Aquí entra en escena el bueno de Ludwig Josef Johann Wittgenstein. El filósofo austriaco dice en el prólogo de su famoso (y complicadísimo) libro Tractatus Logico-Philosophicus que todas las páginas de éste se pueden resumir con la sentencia de “todo aquello que puede ser dicho puede decirse con claridad; y de lo que no se puede hablar es mejor callarse”. Con ello quería decir que existen cosas que son inefables; o sea, que rebasan nuestros límites del lenguaje. Y aquello que rebasa nuestros límites del lenguaje, también rebasa nuestro límite de conocimiento. El problema, según Wittgenstein, es que lo verdaderamente importante para el ser humano es inefable, porque en esta categoría entran prácticamente todos los conceptos metafísicos: el amor, la justicia, la felicidad, la verdad. Son metafísicos porque nadie ha visto el amor o ha olido el amor o ha tocado el amor. De hecho, todos creemos que el amor existe y muchos hemos creído experimentar el amor, pero sin una verdadera certeza, porque es difícil comparar el amor que uno ha sentido con el que ha sentido otro. De hecho, si existe una definición del amor es porque hemos convenido una, pero es muy probable que entre dicha definición y el sentimiento que alberga en uno, haya un mundo de diferencia. Por lo tanto, para Wittgenstein todos estos conceptos metafísicos los deberíamos callar, porque nunca vamos a alcanzarlos con el lenguaje y esto implica que no los podremos conocer. 

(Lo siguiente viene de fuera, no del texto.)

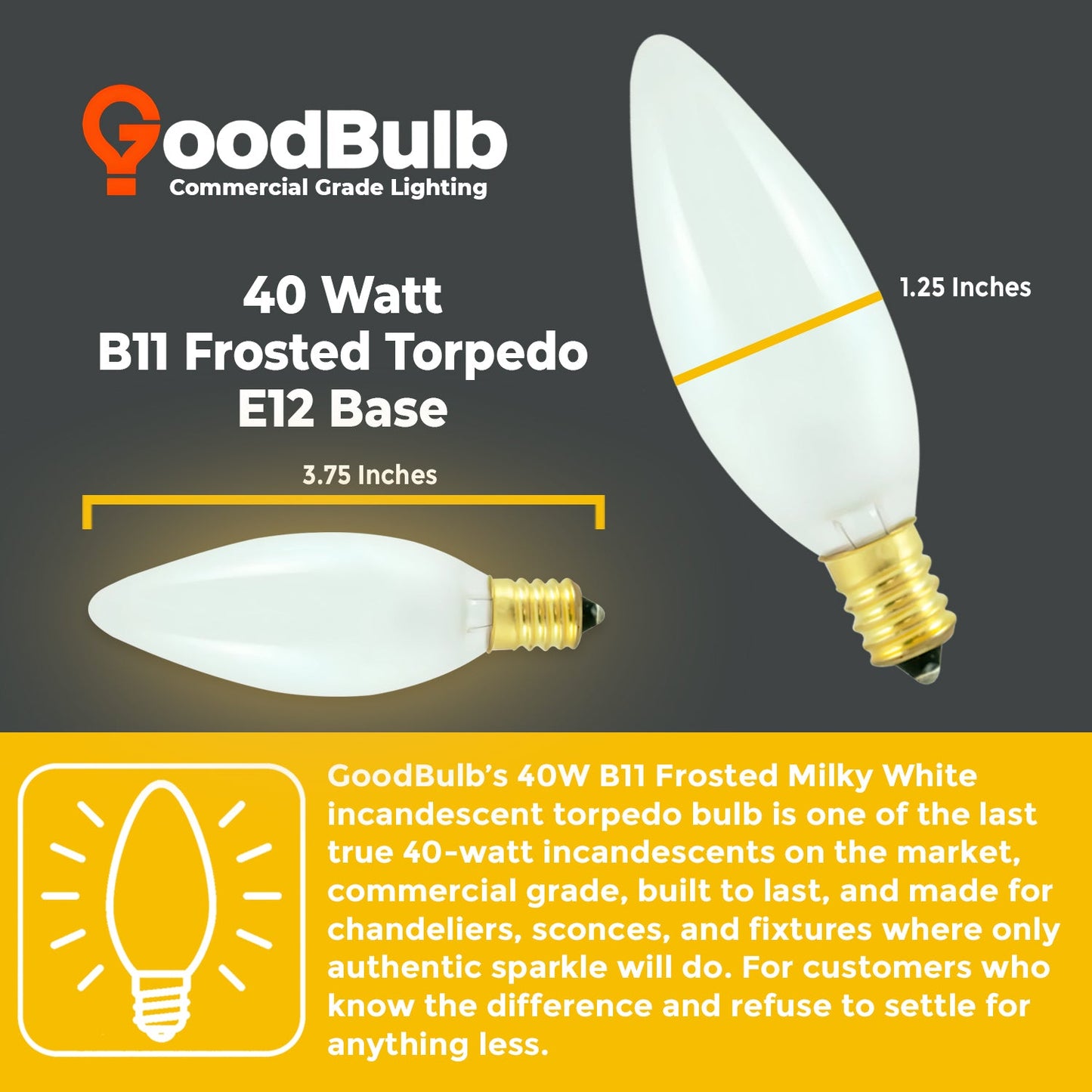 C32 E12 Brass Base 40-Watt Frosted Torpedo Lamp – Warm White 2700K High-CRI Decorative Illumination for Signature Ambiance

¿Qué hacer? Acudir a otro concepto que Wittgenstein introduce en su filosofía del lenguaje: la definición ostensiva. Pongamos un ejemplo sencillo, cómo se enseña a un niño ¿qué es el rojo? No se le puede decir que es un color, porque no habría una distinción entre el azul, el amarillo u cualquier otro. La única forma que tenemos para conseguir explicar a un niño qué es el rojo, es “apuntando” a objetos que denoten ese color. Poco a poco el niño comprenderá que cuando apuntamos a esos objetos y decimos “rojo” no estamos haciendo referencia ni a la forma, textura o tamaño, sino al color. Así es como todos hemos aprendido los colores. A este apuntar Wittgenstein le llama definición ostensiva y gracias a ella podemos conocer algo que en principio es inefable, pues nuestro lenguaje no nos permite acceder a él. 


Pero volviendo a nuestro tema inicial ¿esto en qué nos ayuda para conocer la utilidad de la literatura? Pues la respuesta vuelve a estar implícita en Wittgenstein. La forma de comprender aquellos conceptos inefables es apuntando a ellos; al igual que con los colores. Lo interesante es que esta ostentación no necesariamente debe ser física y la literatura es el mejor medio para apuntar a estos conceptos. Una buena obra no te dice lo que es el amor, pero apunta a un acto de amor, no te dice lo que es la justicia, pero apunta a un acto justo, no te dice lo que es la felicidad, pero apunta a un momento feliz. Y es a través de estos actos que vamos leyendo a través de la literatura –y con nuestras propias experiencias- con los que vamos construyendo poco a poco una mejor idea de lo que es el amor, la justicia o la felicidad. Dicho en otras palabras: la literatura nos ayuda a comprender lo que en principio es inefable. Ni la física o la química, ni ninguna otra disciplina, son capaces de mayor logro: enseñarnos las cosas importantes de la vida, lo que nos hace humanos, lo que nos hace únicos. Y además, de paso, nos ayuda a conocer todas esas otras cosas que he apuntado en la pizarra.

Este artículo fue publicado en la editorial de la revista Palabras Diversas número 40.